§ Short descriptive text snippets

◆ ◆ ◆ ◆

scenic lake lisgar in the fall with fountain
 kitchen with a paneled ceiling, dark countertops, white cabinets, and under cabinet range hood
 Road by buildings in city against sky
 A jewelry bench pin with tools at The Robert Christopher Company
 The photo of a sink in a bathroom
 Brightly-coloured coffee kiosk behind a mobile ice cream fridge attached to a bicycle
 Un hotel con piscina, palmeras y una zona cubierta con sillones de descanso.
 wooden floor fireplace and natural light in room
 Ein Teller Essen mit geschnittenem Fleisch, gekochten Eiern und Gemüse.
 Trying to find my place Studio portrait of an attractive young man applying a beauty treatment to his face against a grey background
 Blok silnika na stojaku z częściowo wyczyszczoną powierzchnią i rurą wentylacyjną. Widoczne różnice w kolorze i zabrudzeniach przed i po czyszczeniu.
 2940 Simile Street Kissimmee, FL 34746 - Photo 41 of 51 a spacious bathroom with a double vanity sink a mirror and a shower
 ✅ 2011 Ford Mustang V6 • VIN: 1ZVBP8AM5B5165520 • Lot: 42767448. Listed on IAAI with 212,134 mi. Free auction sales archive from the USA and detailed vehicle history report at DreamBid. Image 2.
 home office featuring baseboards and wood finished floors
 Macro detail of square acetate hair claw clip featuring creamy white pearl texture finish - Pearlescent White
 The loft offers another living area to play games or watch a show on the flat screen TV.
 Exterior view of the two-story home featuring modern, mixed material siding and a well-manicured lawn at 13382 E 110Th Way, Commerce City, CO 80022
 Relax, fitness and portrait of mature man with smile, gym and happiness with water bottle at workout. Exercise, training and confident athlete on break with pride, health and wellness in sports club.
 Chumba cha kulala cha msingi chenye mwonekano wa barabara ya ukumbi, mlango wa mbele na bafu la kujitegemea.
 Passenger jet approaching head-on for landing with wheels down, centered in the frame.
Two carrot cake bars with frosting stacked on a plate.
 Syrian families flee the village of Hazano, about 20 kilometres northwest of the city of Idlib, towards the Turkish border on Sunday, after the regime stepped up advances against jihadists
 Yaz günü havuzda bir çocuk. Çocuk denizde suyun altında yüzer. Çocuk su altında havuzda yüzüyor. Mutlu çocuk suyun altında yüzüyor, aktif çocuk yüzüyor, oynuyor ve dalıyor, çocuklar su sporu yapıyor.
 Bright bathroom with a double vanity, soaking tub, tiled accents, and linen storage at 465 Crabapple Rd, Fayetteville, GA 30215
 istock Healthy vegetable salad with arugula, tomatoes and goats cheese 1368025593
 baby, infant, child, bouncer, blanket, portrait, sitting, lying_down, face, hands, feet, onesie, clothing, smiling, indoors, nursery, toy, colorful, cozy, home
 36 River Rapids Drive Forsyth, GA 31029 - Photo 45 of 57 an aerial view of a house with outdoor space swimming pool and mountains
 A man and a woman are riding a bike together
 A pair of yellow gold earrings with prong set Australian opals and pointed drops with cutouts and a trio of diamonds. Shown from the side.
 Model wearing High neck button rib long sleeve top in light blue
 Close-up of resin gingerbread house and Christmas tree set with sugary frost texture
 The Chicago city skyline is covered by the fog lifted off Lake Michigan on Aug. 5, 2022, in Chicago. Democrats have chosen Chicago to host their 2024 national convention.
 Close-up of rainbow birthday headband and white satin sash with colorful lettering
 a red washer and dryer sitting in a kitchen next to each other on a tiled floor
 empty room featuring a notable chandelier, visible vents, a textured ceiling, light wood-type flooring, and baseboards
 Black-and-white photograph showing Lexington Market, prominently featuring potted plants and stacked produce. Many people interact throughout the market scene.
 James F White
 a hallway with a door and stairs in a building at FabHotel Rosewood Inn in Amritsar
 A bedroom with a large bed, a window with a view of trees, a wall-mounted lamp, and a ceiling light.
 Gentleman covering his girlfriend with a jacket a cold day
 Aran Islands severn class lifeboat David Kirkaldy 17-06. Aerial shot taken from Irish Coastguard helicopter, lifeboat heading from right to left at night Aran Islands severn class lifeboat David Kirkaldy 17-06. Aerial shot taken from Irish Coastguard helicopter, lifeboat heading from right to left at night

◆ ◆ ◆ ◆

§ Task instructions
From the line containing "empty room featuring" through the last line of the records above, reproduce every line exactly.

§ Response area
 empty room featuring a notable chandelier, visible vents, a textured ceiling, light wood-type flooring, and baseboards
 Black-and-white photograph showing Lexington Market, prominently featuring potted plants and stacked produce. Many people interact throughout the market scene.
 James F White
 a hallway with a door and stairs in a building at FabHotel Rosewood Inn in Amritsar
 A bedroom with a large bed, a window with a view of trees, a wall-mounted lamp, and a ceiling light.
 Gentleman covering his girlfriend with a jacket a cold day
 Aran Islands severn class lifeboat David Kirkaldy 17-06. Aerial shot taken from Irish Coastguard helicopter, lifeboat heading from right to left at night Aran Islands severn class lifeboat David Kirkaldy 17-06. Aerial shot taken from Irish Coastguard helicopter, lifeboat heading from right to left at night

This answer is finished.